I've never really done hotels, I'm a caravan guy really. But it isn't easy to get a caravan over to California so for the last week or so Sarah and I have been living in hotels. Not that I have anything against hotels you understand – they're very nice. You get electric light and wireless internet and a bed that you don't have to construct from seat cushions every night. And in the morning you don't have to walk in sheep poop to get the water. And the toilet actually flushes. Wow!

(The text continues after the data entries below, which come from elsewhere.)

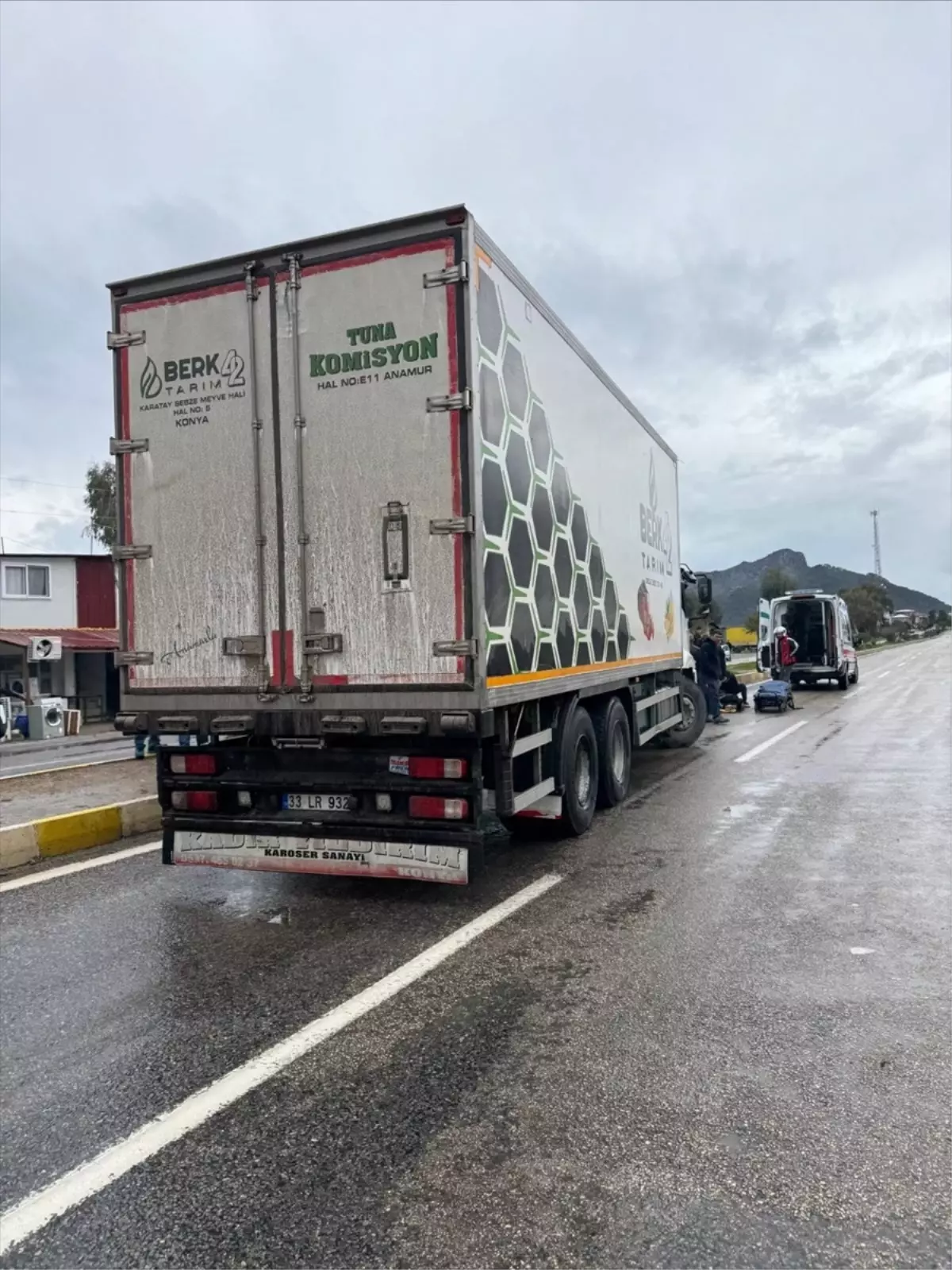 Mersin\'de Kamyon Yayaya Çarptı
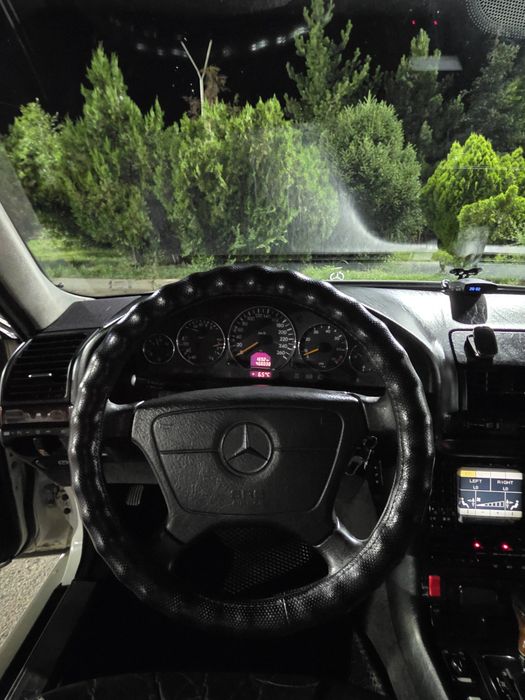 Mercedes-Benz W140 S320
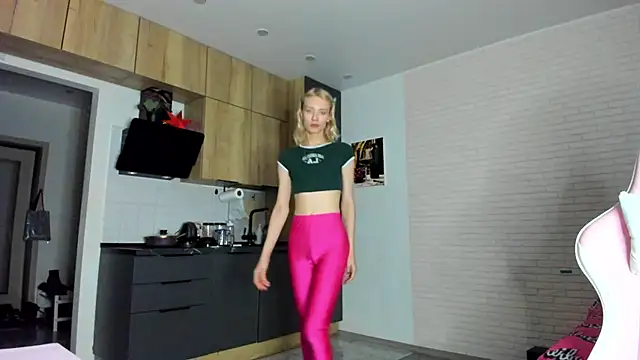 Snapshot of _Alice_Kitty chatting on January 12, 4:45 pm Alice Kitty online show from January 12, 4:45 pm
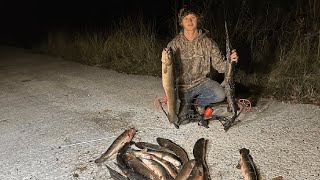 Can You REALLY Catch More FISH with SWAMP BOWFISHING [upl. by Nelan]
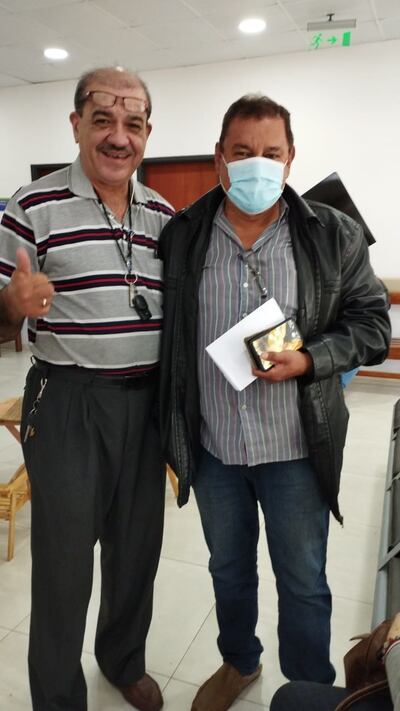 De izquierda a derecha el Comisario Retirado Blás Ramírez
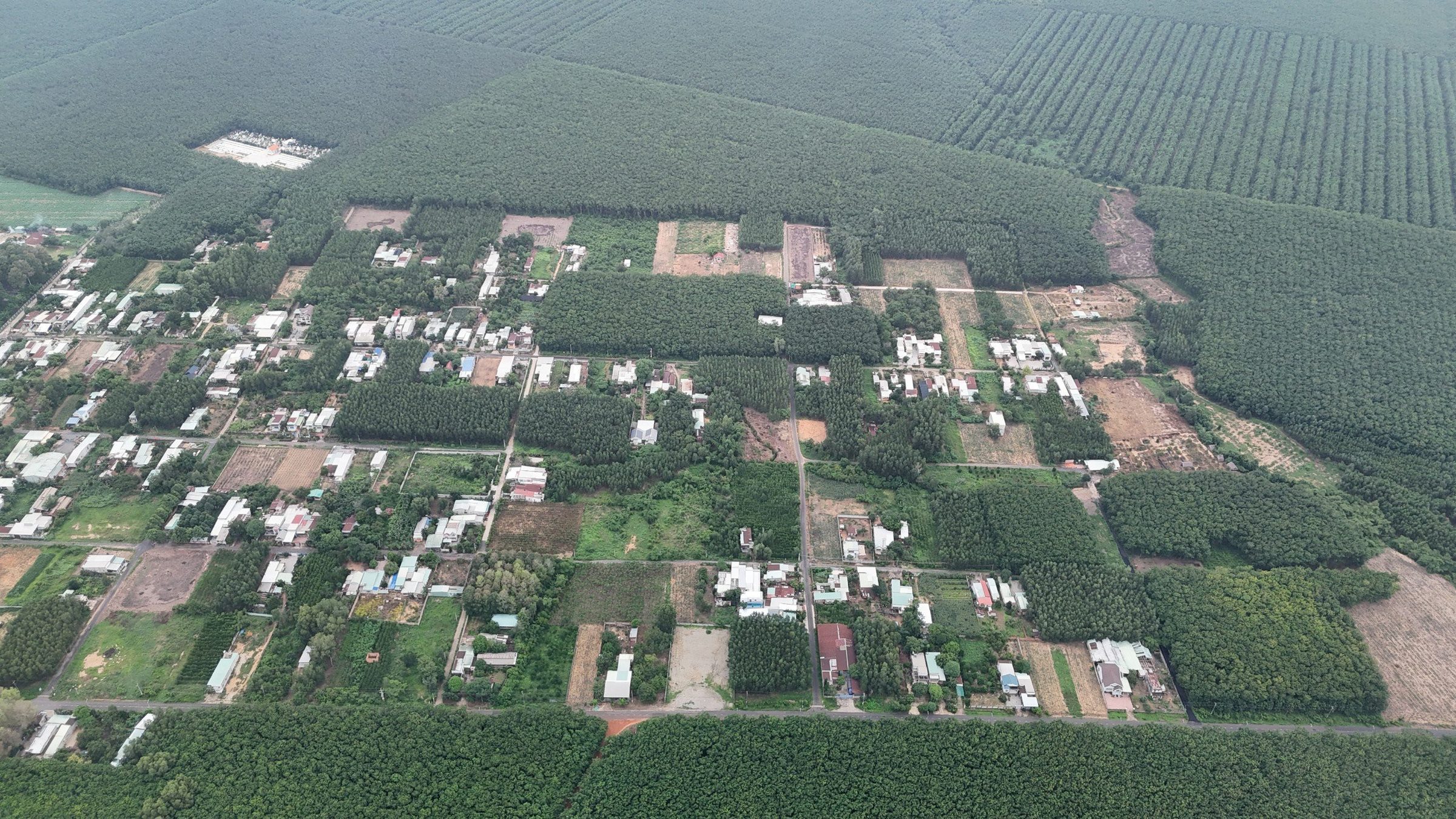 ĐI NƯỚC NGOÀI CẦN BÁN GẤP 500M2TRUNG TÂM MINH THẠNH, DẦU TIẾNG CŨ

But there are disadvantages. Every single meal has to be eaten out. No nipping out to ASDA for a quick salad or a tin of something. This is hard. There are decisions. There is expense. There are rituals. We've done the odd hotel weekend before, in the UK, and the eating-out part is never easy. You wander around comparing menus and prices and looking for the veggie options and sometimes it's fun. But other times you just want something simple and homecooked... and light. So here's where it gets hard. The food here is different. We've been touring the coast, and whenever you are on the coast you are 'tempted' by seafood. Well let me make it clear, I am never tempted by seafood. I like my seafood to be square and white and frozen - fresh from the factory floor. This stuff that arrives in nets and looks up from your plate with sad little eyes has never appealed to me. Then there's the coral-coloured aliens with claws and tentacles and multi-jointed legs that sit on your plate looking like something beamed up from the planet Zog. Faced with this kind of 'treat' my vegetarianism morphs into good old-fashioned xenophobia.
So we skip the seafood and look further afield. But everything is different in California. We've never even heard of half of the vegetables. Are they vegetables? Or are they some sort of lizard?
We've had a good breakfast so we only need a snack for lunch; a sandwich. But a sandwich in California comes in the form of a market garden between two halves of a loaf. And it's served with a side salad. We can't finish. No way can we finish. So we're given a box into which we are invited to pack away the left-overs and take them away with us. What to do with a box of three-quarter sandwiches?
Then it's time for tea. Another search for a restaurant. Italian this time. We get iced water before we've even settled. And a bowl of bread. Heavy bread with butter. More salad arrives – mountains of salad. The ice water is topped up. I'm out of the game before the pasta is delivered, a deep, heavy bowl of pasta with exotic and wonderful veggies that I can't even name. It comes with garlic bread. I love garlic bread and this garlic bread is the best. I can't even come close to finishing any of it and here come the doggie-bag boxes again. We leave the restaurant clutching boxes the weight of house bricks. What are we to do with them? It seems insulting to leave the left-overs behind; a criticism of the chef's abilities. But when are we supposed to eat the stuff? Breakfast is paid-for already and I don't want to supplement it with cold pasta. And we still have the sandwiches. And nothing looks quite so appealing when it's a day old.
It's a problem. We're building up a considerable stock of old food. We have baggage weight restrictions when we fly. What are the limits on imported pasta? If you are passing Santa Barbara and feeling a bit peckish why not stop by and help us out.